Essen, 05 December 2011This pressinformation is more than two years old

RWE AG: Ad-hoc-disclosure according to Art. 17 MAR - Equity capital increase

This release and the information contained herein are not being issued and may not be distributed in the United States of America, Canada, Japan or Australia.

RWE decides on cash capital measure

RWE Aktiengesellschaft today decided to implement the previously announced capital measure. The measure is part of an overall package to strengthen the capital base and to improve the capital structure of the Group.

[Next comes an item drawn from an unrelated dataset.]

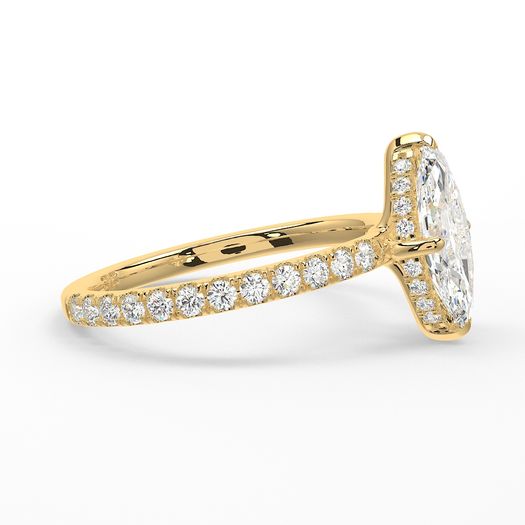 18k Yellow Gold 1 Carat D VVS1 Marquise Engagement Ring Lucy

The company’s share capital is to be increased by using part of the existing authorised capital by issuing 52,340,499 new ordinary bearer shares against cash contribution. The new shares will be entitled to dividends as of 1 January 2011; shareholders’ subscription rights are excluded for these new shares. At the same time, 28,105,327 treasury shares – i.e. 5.0% of company’s share capital – are to be sold. These shares will also be entitled to dividends as of 1 January 2011.

All 80,445,826 shares will be offered to institutional investors by way of an accelerated bookbuilding procedure, however the placement of the 28,105,327 treasury shares is subject to the exercise of subscription rights by existing shareholders within the fixed subscription period beginning after the accelerated bookbuilding has taken place (“claw-back”).

The accelerated bookbuilding procedure will commence today, 5 December 2011 and is expected to end tomorrow, 6 December 2011. The subscription period for the 28,105,327 treasury shares is expected to commence on 8 December 2011 and to end on 21 December 2011. Neither RWE nor the coordinating banks will initiate trading of the subscription rights.

The offer price for the accelerated placement as well as the subscription price at which the shares are to be offered to the shareholders in the course of the subscription offer will be set on the basis of the bookbuilding process in such a way that the both prices are equal.

The offer price and the subscription price are expected to be set and published tomorrow, 6 December 2011.

The new shares will be admitted for trading without prospectus on the regulated market of the Frankfurt Stock Exchange and Düsseldorf Stock Exchange and to the sub-segment of the regulated market with additional post-admission obligations (Prime Standard) of the Frankfurt Stock Exchange.

Deutsche Bank Aktiengesellschaft and Goldman Sachs International act as joint bookrunners for this transaction.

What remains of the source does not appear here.